On 12 November 1976 the President of the Italian Republic Giovanni Leone assigned with decree 846 the flag and traditions of the 9th Bersaglieri Regiment to the battalion. In 1986 the Italian Army abolished the divisional level and brigades, which until then had been under one of the Army's four divisions, came forthwith under direct command of the Army's 3rd Army Corps or 5th Army Corps. As the Armored Division "Centauro" carried a historically significant name, the division ceased to exist on 31 October in Novara, and the next day in the same location the 31st Armored Brigade "Centauro" was activated.

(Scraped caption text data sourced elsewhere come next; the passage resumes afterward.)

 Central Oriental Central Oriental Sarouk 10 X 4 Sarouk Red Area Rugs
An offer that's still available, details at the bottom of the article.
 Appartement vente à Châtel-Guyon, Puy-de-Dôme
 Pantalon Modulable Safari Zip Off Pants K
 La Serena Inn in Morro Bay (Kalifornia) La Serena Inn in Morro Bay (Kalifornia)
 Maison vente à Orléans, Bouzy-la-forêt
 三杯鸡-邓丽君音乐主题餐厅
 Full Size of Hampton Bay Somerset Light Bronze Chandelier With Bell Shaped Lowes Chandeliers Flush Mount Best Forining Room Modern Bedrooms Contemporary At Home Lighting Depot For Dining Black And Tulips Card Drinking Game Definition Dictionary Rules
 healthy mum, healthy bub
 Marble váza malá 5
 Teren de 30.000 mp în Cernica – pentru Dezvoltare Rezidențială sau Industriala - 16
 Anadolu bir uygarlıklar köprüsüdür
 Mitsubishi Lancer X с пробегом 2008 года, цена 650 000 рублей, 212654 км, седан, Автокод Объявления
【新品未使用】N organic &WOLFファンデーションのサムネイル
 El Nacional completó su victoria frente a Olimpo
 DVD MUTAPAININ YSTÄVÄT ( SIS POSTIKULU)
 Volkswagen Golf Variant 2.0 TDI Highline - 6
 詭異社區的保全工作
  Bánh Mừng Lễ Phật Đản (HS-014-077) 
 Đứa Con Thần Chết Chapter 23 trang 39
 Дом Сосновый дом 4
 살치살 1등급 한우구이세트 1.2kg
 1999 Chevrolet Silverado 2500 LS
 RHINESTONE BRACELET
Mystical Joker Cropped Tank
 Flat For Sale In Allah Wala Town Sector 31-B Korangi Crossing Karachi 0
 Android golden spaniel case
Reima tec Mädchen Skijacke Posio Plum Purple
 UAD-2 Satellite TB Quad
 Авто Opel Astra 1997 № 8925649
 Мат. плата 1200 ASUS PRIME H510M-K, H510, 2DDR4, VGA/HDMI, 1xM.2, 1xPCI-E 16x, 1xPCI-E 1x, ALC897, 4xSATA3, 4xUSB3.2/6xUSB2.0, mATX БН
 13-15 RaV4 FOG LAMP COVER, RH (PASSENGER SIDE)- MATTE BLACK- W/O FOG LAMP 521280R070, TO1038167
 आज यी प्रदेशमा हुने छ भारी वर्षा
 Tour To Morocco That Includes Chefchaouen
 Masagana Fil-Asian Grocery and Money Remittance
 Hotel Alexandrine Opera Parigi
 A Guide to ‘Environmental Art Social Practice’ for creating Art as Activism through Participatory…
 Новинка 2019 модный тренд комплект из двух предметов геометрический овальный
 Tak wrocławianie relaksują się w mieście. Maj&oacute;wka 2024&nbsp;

The new brigade took command of the units of the 31st Armored Brigade "Curtatone", whose name was stricken from the roll of active units of the Italian Army.

=== Recent times ===
On 15 October 1996 the 28th Bersaglieri Battalion "Oslavia" was disbanded and on 18 October the flag of the 9th Bersaglieri Regiment was transferred to the Shrine of the Flags in the Vittoriano in Rome.